Defensive coordinator Mike Pettine

On Jaire Alexander vs. Julio Jones:

He was solid. He competed. We gave up some plays to him, especially early. But when they were head-to-head, I thought he more than held his own. … We did a couple of different ways. We had some different zone concepts with a different matchup on him. That’s something when you go into each week that you have to look at. Do they have a guy who we absolutely have to take away? And do you have somebody who can do it? The thing that jumps out this year is (Alexander’s) consistency. It’s developed over time and he’s certainly earned our trust.

On whether Bashaud Breeland could play Sunday despite missing time this week due to a personal issue:

He’s a professional. He knows the plan. I don’t know given where he’s been, I think he played 20-some snaps. I don’t know if we’d ask him to play a full game, but at this point, I don’t see it as a concern.

On cornerback Tony Brown:

He loves to compete. We put him out there against some other Alabama guys and that’s going to bring out the best in him. He’s the ultimate competitor. He had the bad penalty in the Detroit game, but he’s learned he has to have that voice in the back of his head … and knows the line not to cross. We’re very pleased with where Tony is.

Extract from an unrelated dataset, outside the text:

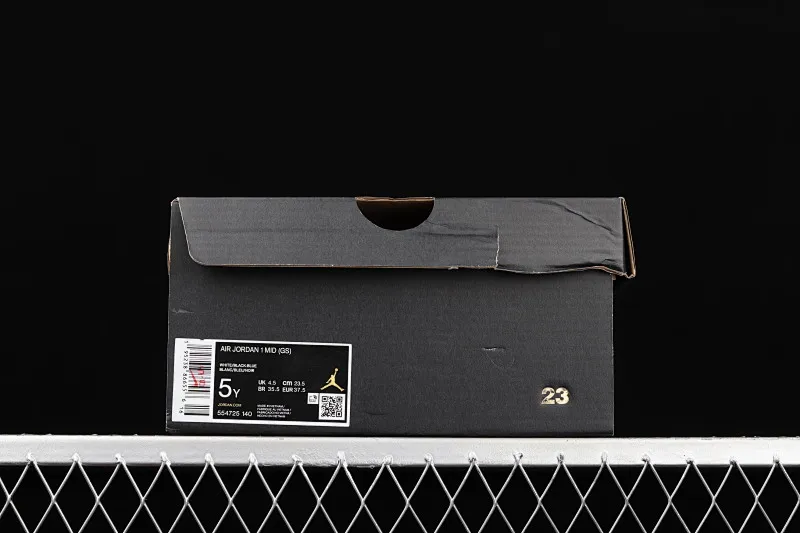 All categories Air Jordan Jordan series basketball shoes Air Jordan 1 Mid Air Jordan 1 Mid AJ1 Joe 1 black and white blue panda mid-top cultural basketball shoes 554725-140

On offense and defense working together with game plan:

I’ve always thought it’s important that offense, defense and special teams understand the situation for the week. I’ve never liked when those three areas are silos. You feel like you’re an independent contractor. The good teams understand the plight all three phases face. It’s a little tougher on defense to play a certain way to help the offense out. Joe (Philbin) has done a good job connecting Ron (Zook) and I, and talking about the roster.

On takeaways:

Our approach is the same. Also, when you look at how this game will likely play out with our offense on the road against one of the best defenses, the turnover battle will be huge in this game. It’s always a point of emphasis for us, but especially this week. For us to win, we have to take the ball away. We’re going to have to steal some possessions. But the key is we do it the right way. When you do your job, sometimes the ball can find you.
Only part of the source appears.